We found people did not always receive care and treatment which was appropriate, met their needs and reflected their preferences. This was a new breach or regulation. People were supported to meet their health care needs and had access to NHS services via their GPs.

Some improvements had been made to the way people were supported to eat and drink however there were still areas of concern. For example, when people had food and fluid charts to monitor what they were eating and drinking there was no system in place for checking the charts to make sure they had in fact had enough to eat and drink.

People told us staff were kind and caring and we saw staff were respectful and attentive to people’s needs. However, there were some aspects of the service which could compromise people’s privacy and dignity, for example there was no lock on one of the communal toilet doors.

There were no restrictions on visiting and people were able to receive their visitors at times that suited them and in private. There was a programme of activities. Opportunities to take part in social activities outside of the home were limited and for the most part people relied on family and/or friends to take them out.

People told us they had no reason to complain. Information about how to make a complaint was displayed in the home.

The required recruitment checks were not always done before new staff started work. This meant people could be at risk of being supported by staff unsuitable to work in a care setting. This was a new breach of regulation. When new staff started work they did not always get any induction training to make sure they were competent to work safety and deliver appropriate care. Staff had received some training on safe working practices but it was difficult to get accurate information about what training staff had received. This risked people being cared for by staff who were not properly training to deliver appropriate and safe care. This was an on-going area of concern and had been identified as a breach of regulation at previous inspections.

Staff did not have a clear understanding of the principles of the Mental Capacity Act and the Deprivation of Liberty Safeguards which meant there was a risk they were not always acting within the law. This was an on-going breach of regulations.

There was no registered manager and there was a lack of consistency and leadership. There were some systems in place to monitor the quality of the services provided but there were not working well. This meant that potential problems or shortfalls in the service were not always identified and acted on which in turn could have a negative impact on the experiences of people who lived in the home.

People who lived in the home and others were potentially at risk because the provider did not have effective systems in place to identify, assess and manage risks to their safety and welfare.

We found the provider was not meeting nine regulations and many of these were on-going. CQC is considering the appropriate regulatory response to resolve the problems we found.

The overall rating for this service is ‘Inadequate’ and the service is therefore in 'Special measures'. The service will be kept under review and, if we have not taken immediate action to propose to cancel the provider’s registration of the service, will be inspected again within six months.
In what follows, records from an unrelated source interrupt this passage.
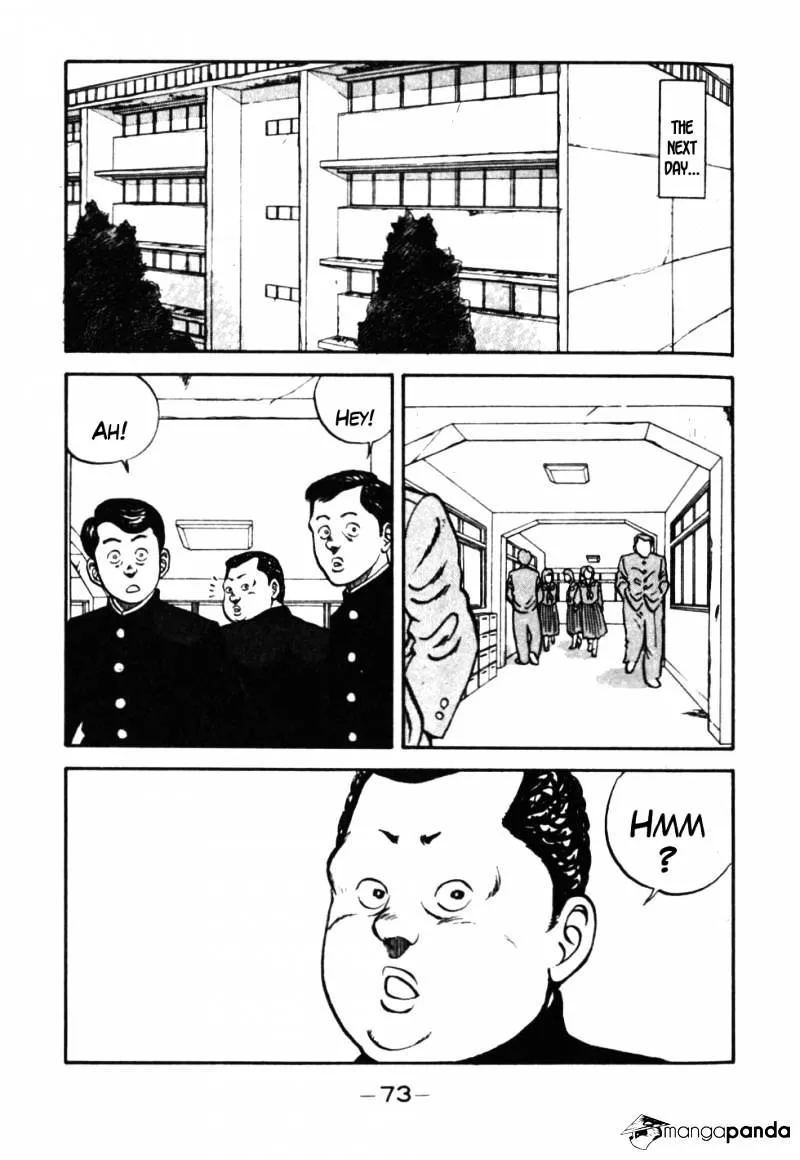 Be-Bop-Highschool Chapter 34 page 11 - 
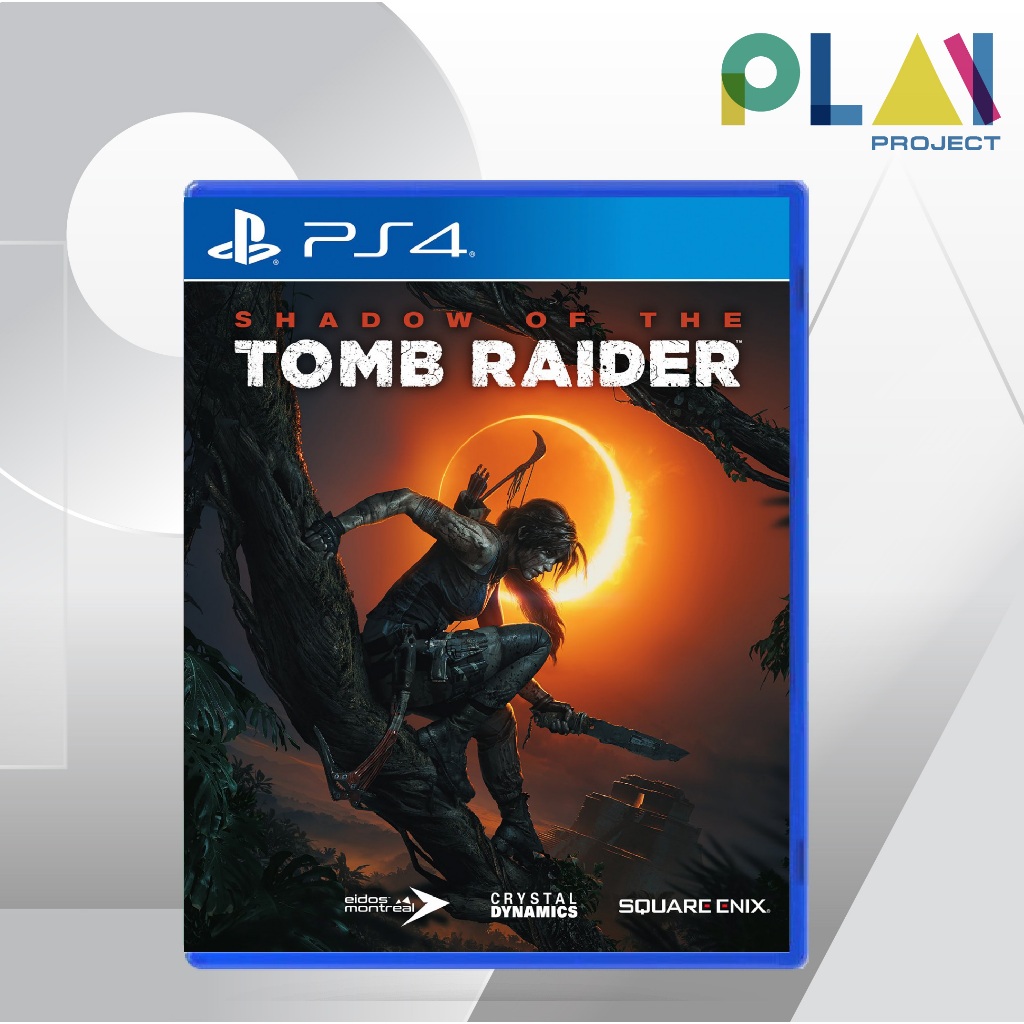 [PS4] [มือ1] Shadow of the Tomb Raider [PlayStation4] [เกมps4]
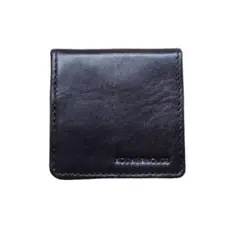 MOTHERHOUSE ボックスコインケース レザー 小銭入れ ダークブラウン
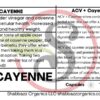 ACV + Cayenne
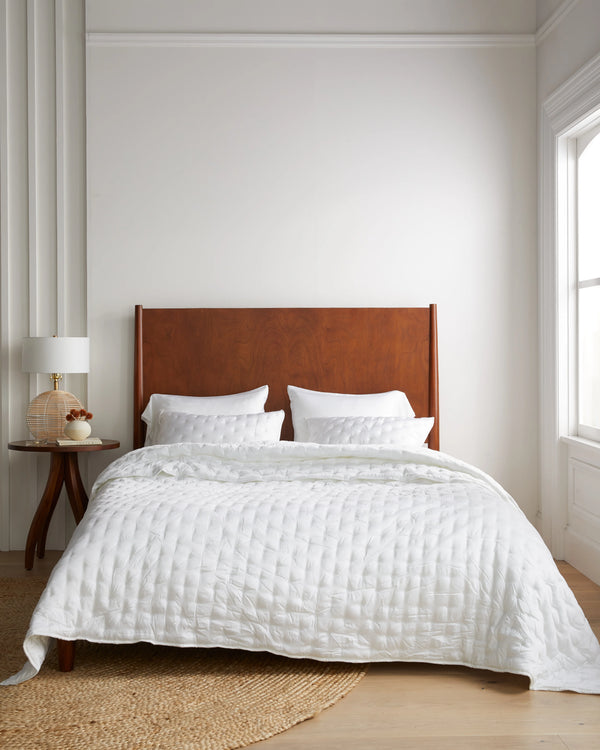 Bamboo Dream Quilt - Twin / Sage
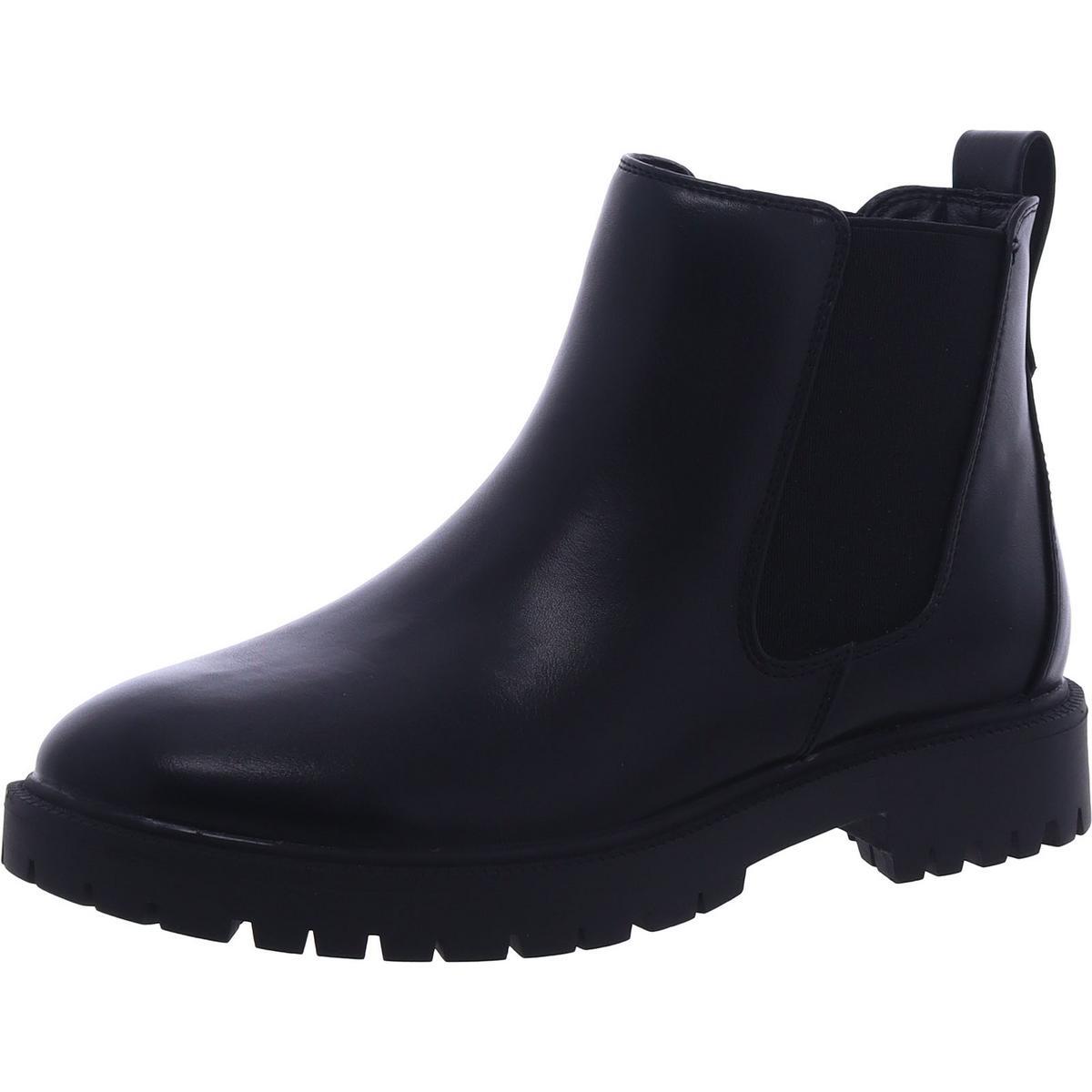 Dream Pairs женские черные ботинки Челси на шнуровке 7 средних размеров BM BHFO 5372 2990₽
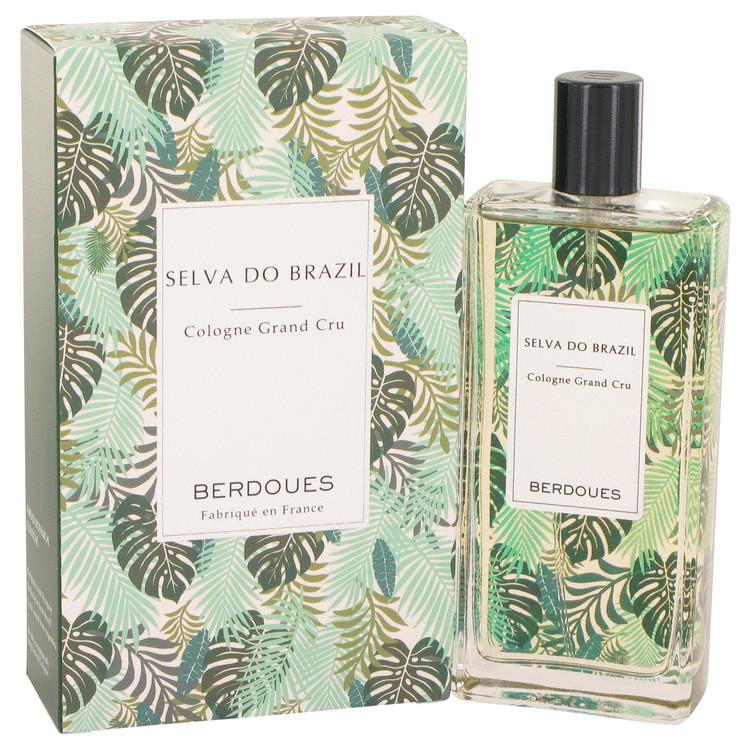 Selva Do Brazil by Berdoues Eau De Toilette Spray 3.68 oz - Fragrance Spice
The expectation is that providers found to have been providing inadequate care should have made significant improvements within this timeframe.

On 07 September 2015 we issued a Notice of Proposal to cancel the provider’s registration to carry on the regulated activities accommodation for persons who require nursing or personal care, treatment of disease disorder or injury and diagnostic and screening procedures at the location Spring Bank Nursing Home.  The provider took the decision to close the home.